Etant en bas de l’échelle des valeurs, l’Indien sera regardé comme un être naturel, un être inférieur. A partir de ce moment, vers la fin du XVIII e siècle, on voit des religieux prendre sa défense, s’efforçant de le «réhumaniser », cherchant à travers lui: «la rémanence universelle de la révélation divine faite aux premiers hommes.» d’où cette boutade du philosophe anticlérical de 1771: «Les sauvages d'Amérique ne sont ni juifs, ni gentils, mais ils méritoient bien que le fils de Dieu leur déléguât un disciple au moins, et cette inattention est bien fâcheuse pour ceux qui sont morts entre le temps de la venue de Jésus-Christ et celui où la découverte de leurs terres fut faite8.» Les laïcs ne seront pas en reste, dès le XVIe siècle, Montaigne inaugure le mythe du «bon sauvage», mais il ne culminera qu’à la fin du XVIIIe siècle avec Jean Jacques Rousseau, l’Indien est alors idéalisé, son mode de vie magnifié. Les philosophes prônent un retour à la nature, un état de nature qui exempte l’homme de tous les vices de la société moderne. Ce mythe du «bon sauvage» n’est qu’une allégorie et la quête du paradis perdu n’est qu’illusion, car dans les faits, l’Européen dénonce l’état inégalitaire et policé de sa société.

Chateaubriand après son voyage en Amérique fera découvrir que les «bons sauvages» ont aussi leurs défauts, leurs vices et leurs guerres, en somme, qu’ils ne sont pas si différents des Européens. Toutefois, ce courant donnera naissance au XIXe siècle au romantisme.

Quant aux sauvages Indiens, dès la conquête, ils portèrent un regard critique sur les civilisateurs, les renvoyant à leur barbarie, à leur inhumanité et à leur insatiable cupidité: «Benzoni, historien milanais, nous récite en son histoire du Nouveau Monde, que les Indiens détestant l’avarice démesurée des espagnols qui les subjuguèrent, prenaient une pièce d’or, et disaient Voicy le Dieu des Chrétiens; Pour cecy ils viennent de Castille en nôtre païs, pour cecy ils nous ont rendus esclaves, nous ont bannis de nos demeures, & ont commis des choses horribles contre nous: pour cecy ils se font la guerre entr’eus; pour cecy ils se tuënt les uns les autres; pour cecy ils sont toujiours en inquiétude, ils se querellent, ils se dérobent, ils maudissent, ils blasfément: Enfin, pour cecy il n’y a ni vilenie, ni méchanceté où ils ne se portent9.» Il faut croire que ces «primitifs» avaient saisi l’essence de ceux qui s’étaient portés vers eux: «Dans les siècles où l'ignorance et la barbarie ont régné, les prêtres, comme le reste des hommes, étoient ignorantes et barbares. Uniquement occupés du soin d'aggrandir leur fortune et leur puissance…10» et qu’à aucun moment ils ne furent dupes.

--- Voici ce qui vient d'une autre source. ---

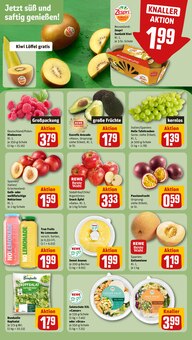 Salat im aktuellen REWE Prospekt (Frankfurt (Main)) Salat im REWE Prospekt "Dein Markt" mit 18 Seiten (Frankfurt (Main))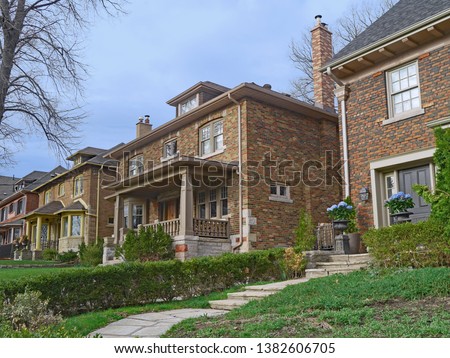 Large House With Dormer Windows Images And Stock Photos Avopix Com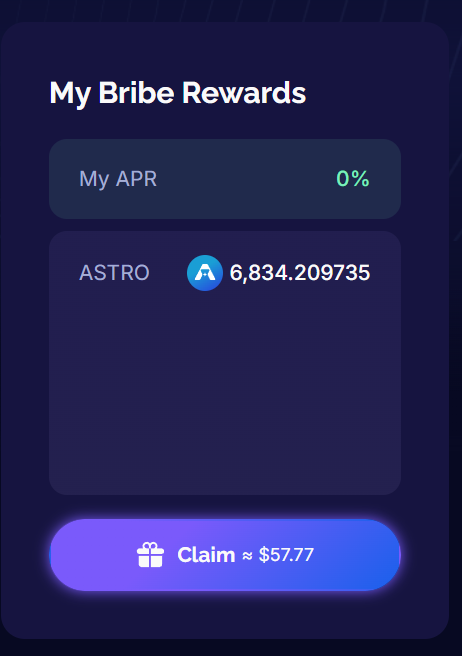 J429 (@jay4291) on Twitter photo Here we go again, <a href="/Eclipsefi/">Eclipse Fi</a> <a href="/astroport_fi/">Astroport ✦</a> If you aint using your Astro for bribes what are you doing? #ntrn Here we go again, <a href="/Eclipsefi/">Eclipse Fi</a> <a href="/astroport_fi/">Astroport ✦</a> If you aint using your Astro for bribes what are you doing? #ntrn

L’Indien à cette période historique est nié ou diminué en tant que personne, son humanité n’est pas reconnue pleine et entière tant chez les zélateurs de la foi, que chez les partisans de la colonisation.

Il ne fut jamais réellement appréhendé, ni vu objectivement, car le prisme culturel occidental lui a attribué des caractéristiques culturelles, naturelles, qui a déformé le sens de sa réalité. Les raisons sont en corrélation avec l’argumentaire développé précédemment, et aussi pour ne pas s’être plié aux règles qu’on lui imposaient. L’Indien survivant fut relégué en marge de la société, dans des délaissés continentaux (désert vert, zones montagneuses, zones marécageuses, désert blanc, désert de pierre ou de sable.) où il ne put poursuivre son développement naturel. Aujourd’hui, leur image dans les Amériques n’a pas beaucoup évolué par rapport au passé, ils sont toujours discriminés, ils restent l’autre, l’étranger, celui qui est différent, leurs communautés éprouvent toujours autant de difficultés à s’inscrire dans la modernité occidentale.